Фрэнк Хоулмен оказался очень ценным источником информации, и, когда
закончился срок командировки Большакова, этот контакт передали другому
офицеру ГРУ – Юрию
Гвоздеву.
В это время всесильному маршалу Жукову, который собирался с визитом в
Индию и Бирму, понадобился личный переводчик. Большаков, блестяще
знавший английский, оказался под рукой и был рекомендован министру. Так
вместо малоинтересной бумажной работы в ожидании следующей
"командировки" он попал в обойму приближенных к высшей власти.
Официально его должность называлась "офицер для особых поручений при
министре обороны СССР".
В течение двух лет, куда бы ни отправлялся маршал, Большаков всегда был
при нём. Надо сказать, что весьма несентиментальный Георгий Жуков, от
одного взгляда которого цепенели высшие военачальники страны, проявлял
по отношению к Большакову удивительно теплое, почти отеческое чувство.
Рассказывают, Большаков буквально царствовал в приемной своего патрона.

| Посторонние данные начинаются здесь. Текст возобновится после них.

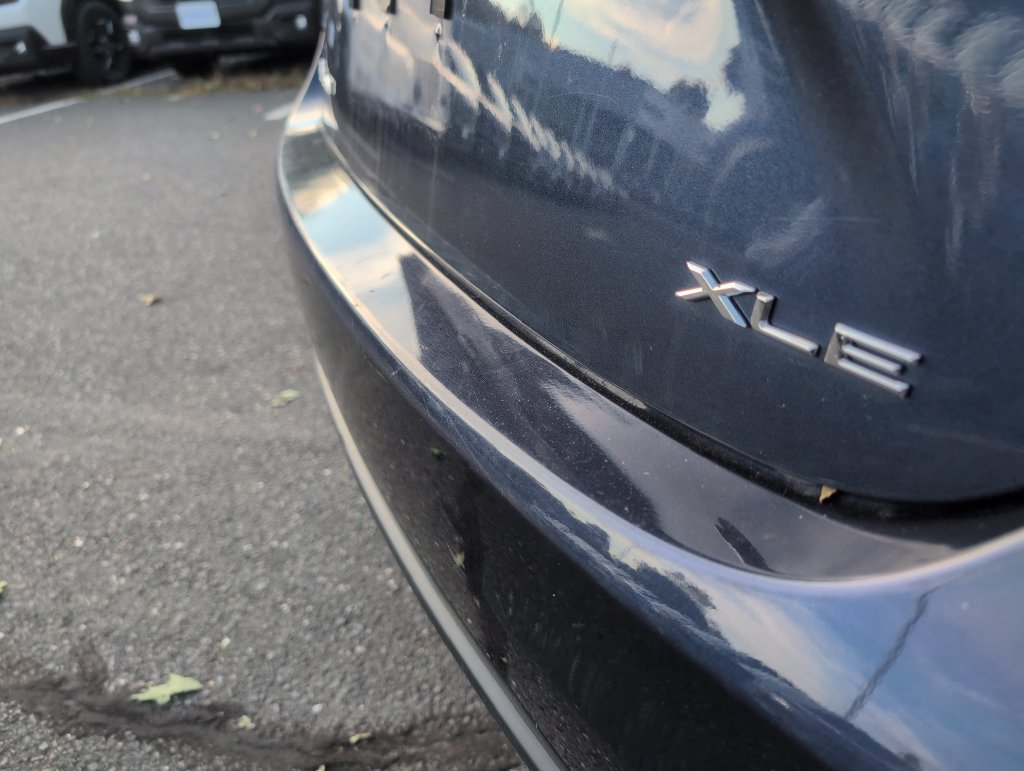 Used 2015 Toyota Avalon XLE FWD image 42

Разумеется, у него появились большие связи в аппарате Кремля и вокруг
него: зять Хрущёва Алексей
Аджубей, один из руководителей
ТАСС Харламов
и другие известные в стране лица.
Но с утверждением Хрущёва в должности главы Советского государства
легендарный маршал попал в немилость. Настали черные дни и для
Большакова. В выписке из личного дела скупо отмечается: "1957–1959 –
старший офицер Главного разведывательного управления
Генерального
штаба". После приемной министра обороны – это прозябание. Испытав все
прелести положения любимца Жукова, Георгий Большаков познал и все
горечи, связанные с его опалой.
Но не зря заводил он связи – в конце 1959 года вновь едет в Вашингтон.
На этот раз как заместитель главного редактора журнала "Советский Союз",
издающегося на английском языке. В вашингтонской резидентуре ГРУ
полковник Большаков числится старшим оперативным офицером.
В конце 1960 года к власти в США пришел новый президент – Джон
Фицджералд Кеннеди. Для советской разведки наступила горячая пора. Ярый
ненавистник Советского Союза президент Эйзенхауэр больше не у дел. Но
как поведет себя его преемник? Именно разведка должна была дать ответ на
этот вопрос.
Кеннеди начал плохо. Унаследовав от прежней администрации кубинскую
проблему, он санкционировал попытку вторжения на Кубу контрреволюционных
сил в заливе Плайя-Хирон и потерпел унизительное поражение. Всего за два
дня ожесточенных боев от сил вторжения не осталось и следа. Да,
вторжение планировало и готовило правительство Эйзенхауэра, но
ответственность за провал легла на нового президента. Тяжелое наследие.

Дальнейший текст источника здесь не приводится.